Note
This page was generated from lightning_workflow.ipynb.
Note
If running outside of the Docker image, you may need to set some environment variables manually. You can do it like so:
import os
from subprocess import check_output
os.environ['GDAL_DATA'] = check_output('pip show rasterio | grep Location | awk \'{print $NF"/rasterio/gdal_data/"}\'', shell=True).decode().strip()
We will be accessing files on S3 in this notebook. Since those files are public, we set the AWS_NO_SIGN_REQUEST
to tell rasterio
to skip the sign-in.
[1]:
%env AWS_NO_SIGN_REQUEST=YES
env: AWS_NO_SIGN_REQUEST=YES
Using Raster Vision with Lightning#
Lightning (formerly known as PyTorch Lightning) is a high-level library for training PyTorch models. In this tutorial, we demonstrate a complete workflow for doing semantic segmentation on SpaceNet Vegas using a combination of Raster Vision and Lightning.
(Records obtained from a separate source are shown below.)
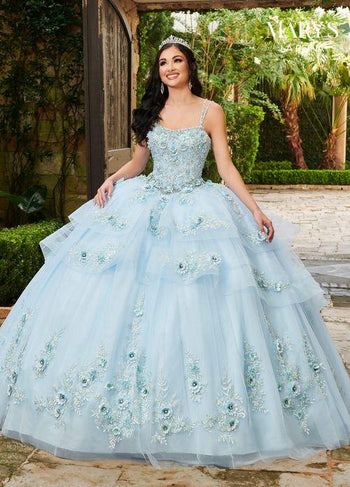 Scooped Neck Beaded Spaghetti Strap Floral Embroidery Tiered Tulle Ball Gown by Rachel Allan MQ2124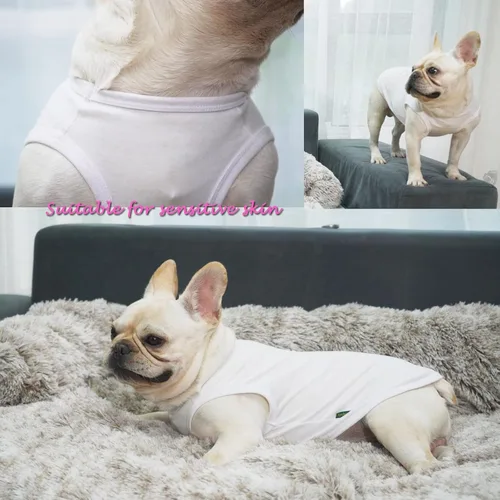 Vista 5 de Camisas Rosa Blancas para Perro, Camiseta de Algodón Suave en Blanco para Perro Chico y Perro Grande, Ropa Simple para Bulldog Grande, L Rosa Blanca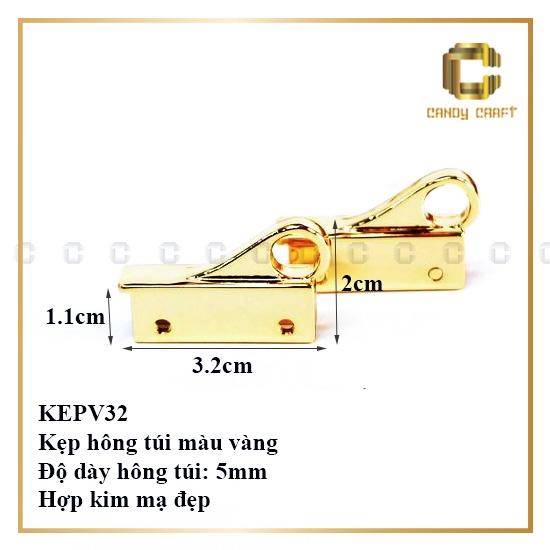 Kẹp hông túi - 1 cặp vàng nhạt 4cm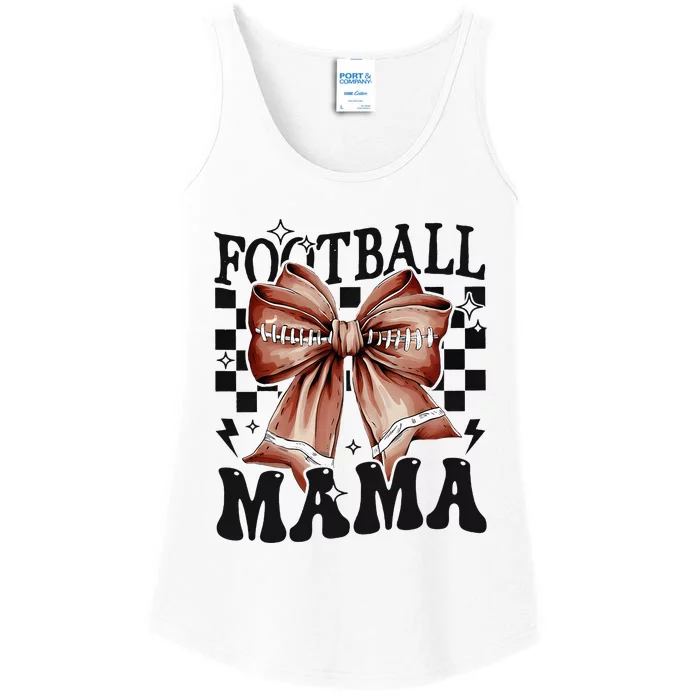 Football Mama Coquette Bow Funny Football Game Day Sport Mom Ladies Essential Tank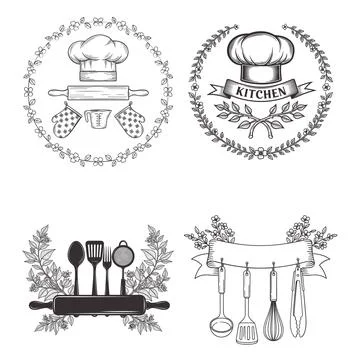 Kitchen Cooking Utensils Emblems Set Chef Hat Rolling Pin Floral Wreath Vecto Stock Illustration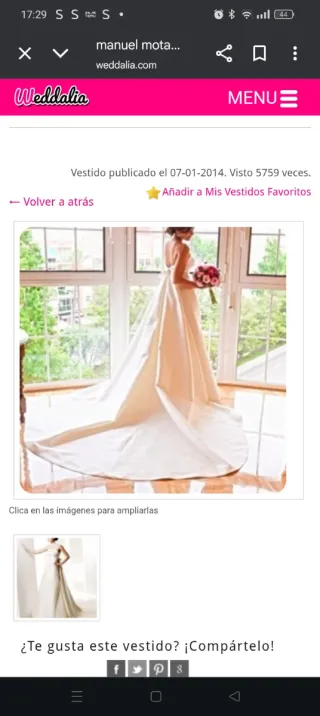 Traje de Novia Manuel Mota Onil 2010 Talla 40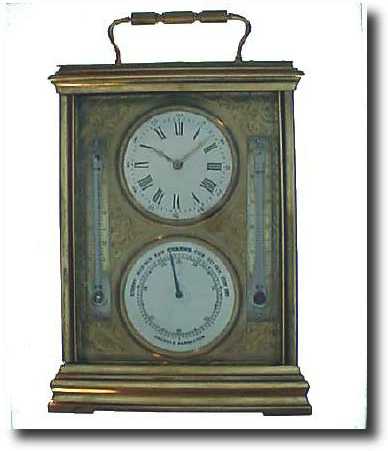 French gilt brass carriage clock style compendium, c. 1900 — Antique Clocks Price Guide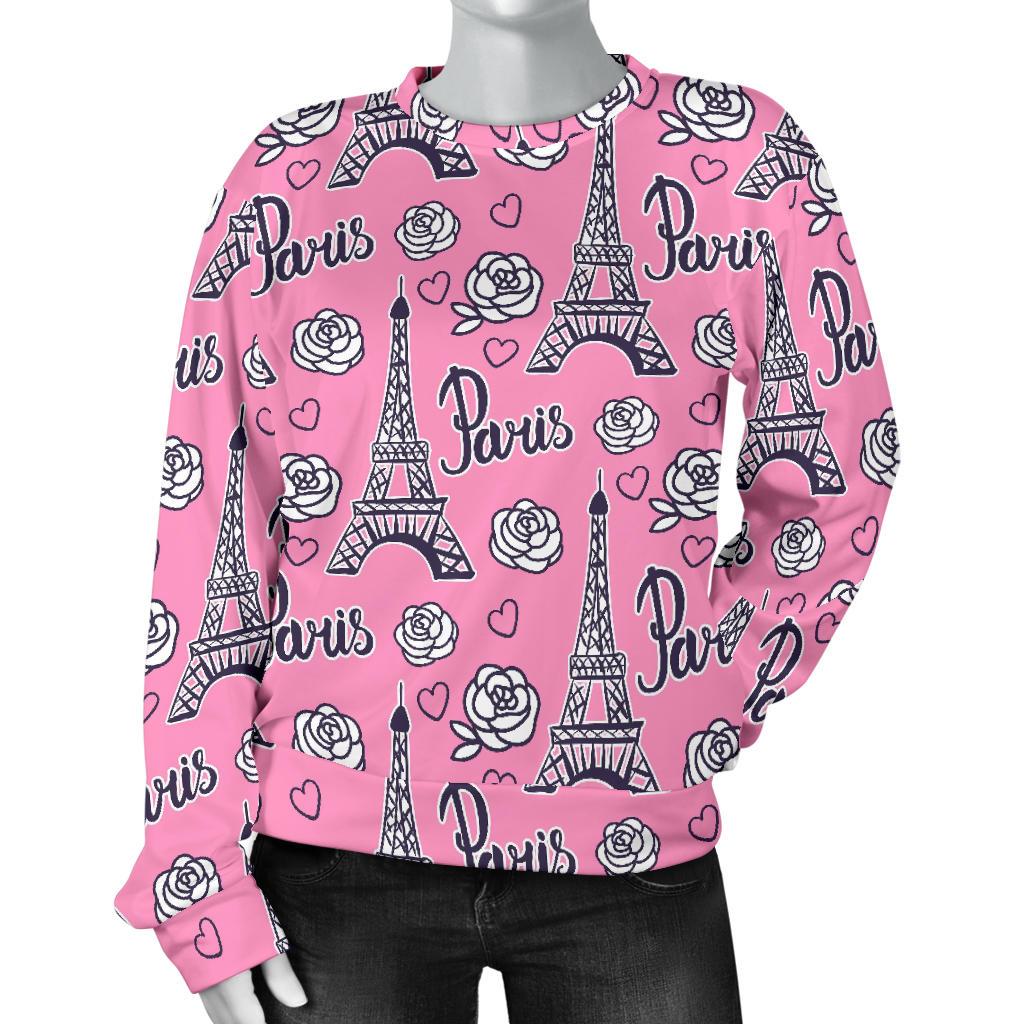 Eiffel Tower Print Pattern Women's Sweatshirt-grizzshop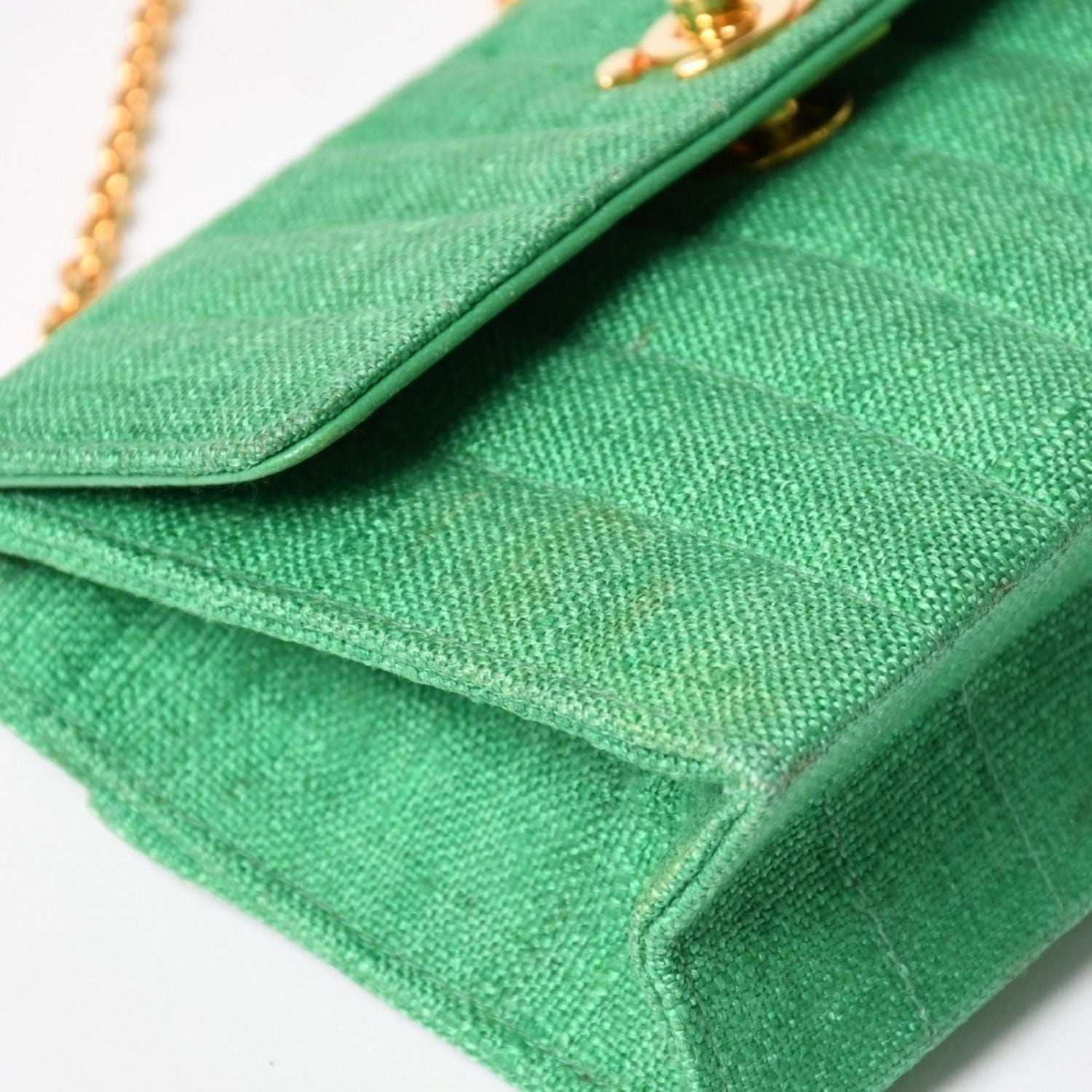 Chanel Quilted Linen S Flap Mini Bag Green Gold — view 8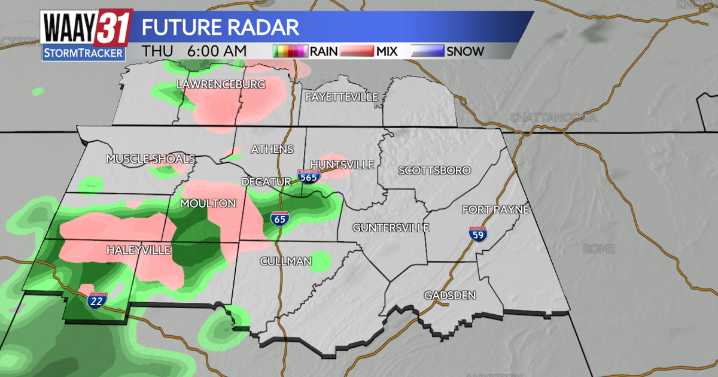 Isolated snow flurries this morning, widespread rain this evening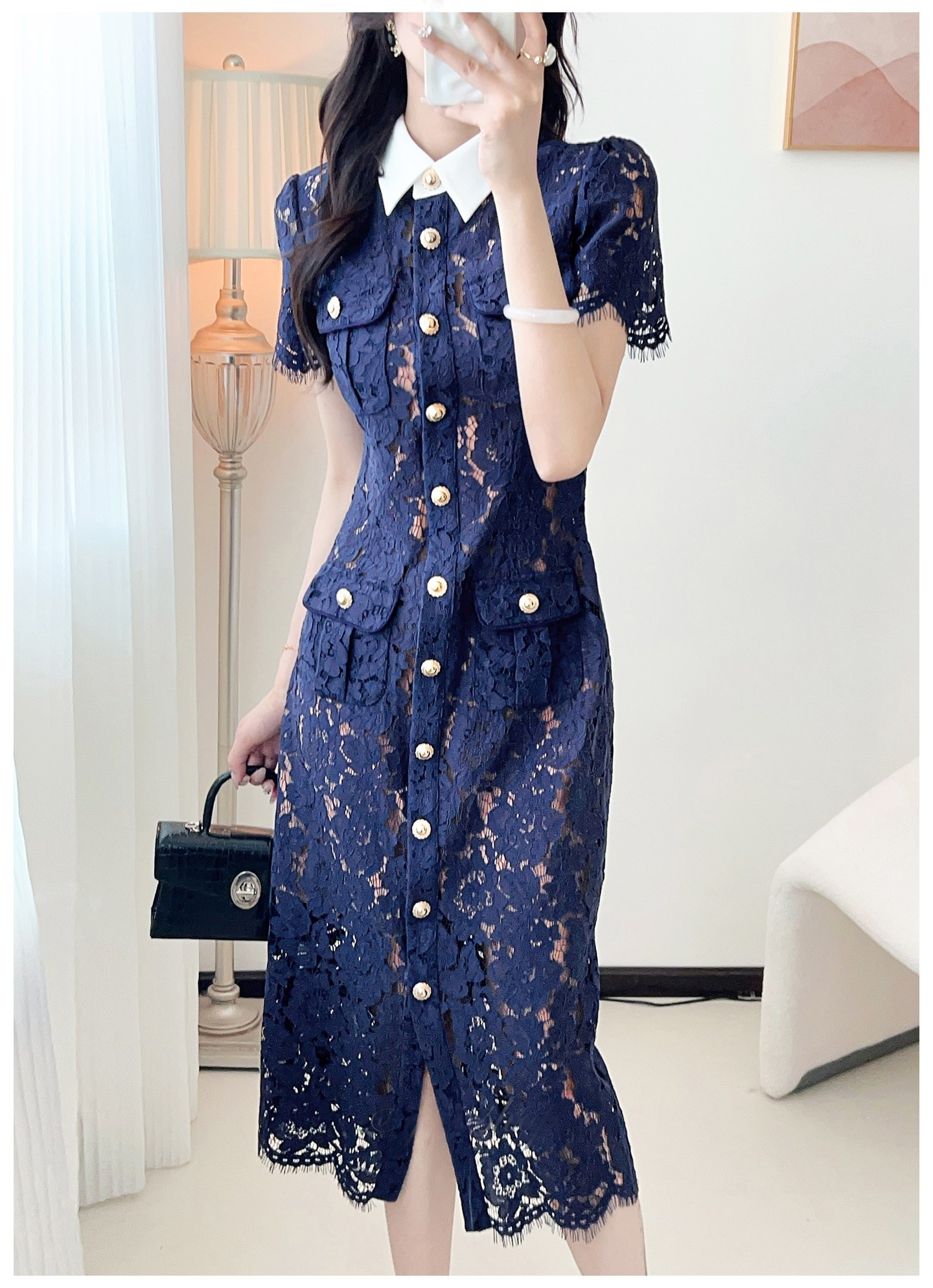 Orginal Boutique Navy Blue Lac - Embroidery Uk avaliação e preço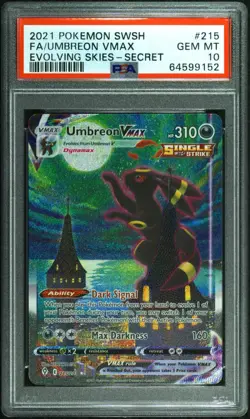 POKEMON 2021 UMBREON VMAX SWORD & SHIELD EVOLVING SKIES #215 PSA 10 - Image 1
We use Raster Vision for reading data, Lightning for training a model, and then Raster Vision again for making predictions and evaluations on whole scenes.
Raster Vision has easy-to-use, built-in model training functionality implemented by the Learner
class which is shown in the “Training a model” tutorial. However, some users may prefer to use Lightning for training models, either because they already know how to use it, and like it, or because they desire more flexibility than the Learner
class offers. This notebook shows how these libraries can be used together, but does not attempt to use either library in a
particularly sophisticated manner.
First, we need to install pytorch-lightning
since it is not a dependency of Raster Vision.
[ ]:
%pip install -q pytorch-lightning==2.*
Define training and validation datasets#
We use Raster Vision to create training and validation Dataset
objects. To keep things simple, we use a single scene for training and the same for validation. In a real workflow we would use many more scenes.
[3]:
import albumentations as A
from rastervision.pytorch_learner import (
SemanticSegmentationRandomWindowGeoDataset,
SemanticSegmentationSlidingWindowGeoDataset,
SemanticSegmentationVisualizer)
from rastervision.core.data import ClassConfig, StatsTransformer
[4]:
scene_id = 5631
train_image_uri = f's3://spacenet-dataset/spacenet/SN2_buildings/train/AOI_2_Vegas/PS-RGB/SN2_buildings_train_AOI_2_Vegas_PS-RGB_img{scene_id}.tif'
train_label_uri = f's3://spacenet-dataset/spacenet/SN2_buildings/train/AOI_2_Vegas/geojson_buildings/SN2_buildings_train_AOI_2_Vegas_geojson_buildings_img{scene_id}.geojson'
class_config = ClassConfig(
names=['building', 'background'],
colors=['orange', 'black'],
null_class='background')
data_augmentation_transform = A.Compose([
A.Flip(),
A.ShiftScaleRotate(),
A.RGBShift()
])
train_ds = SemanticSegmentationRandomWindowGeoDataset.from_uris(
class_config=class_config,
image_uri=train_image_uri,
label_vector_uri=train_label_uri,
label_vector_default_class_id=class_config.get_class_id('building'),
size_lims=(200, 250),
out_size=325,
max_windows=10,
transform=data_augmentation_transform,
padding=50,
image_raster_source_kw=dict(raster_transformers=[
StatsTransformer(means=[562.7, 716.6, 517.1], stds=[341.1, 341.5, 197.5])
])
)
2024-08-07 14:05:36:rastervision.pipeline.file_system.utils: INFO - Using cached file /opt/data/tmp/cache/s3/spacenet-dataset/spacenet/SN2_buildings/train/AOI_2_Vegas/PS-RGB/SN2_buildings_train_AOI_2_Vegas_PS-RGB_img5631.tif.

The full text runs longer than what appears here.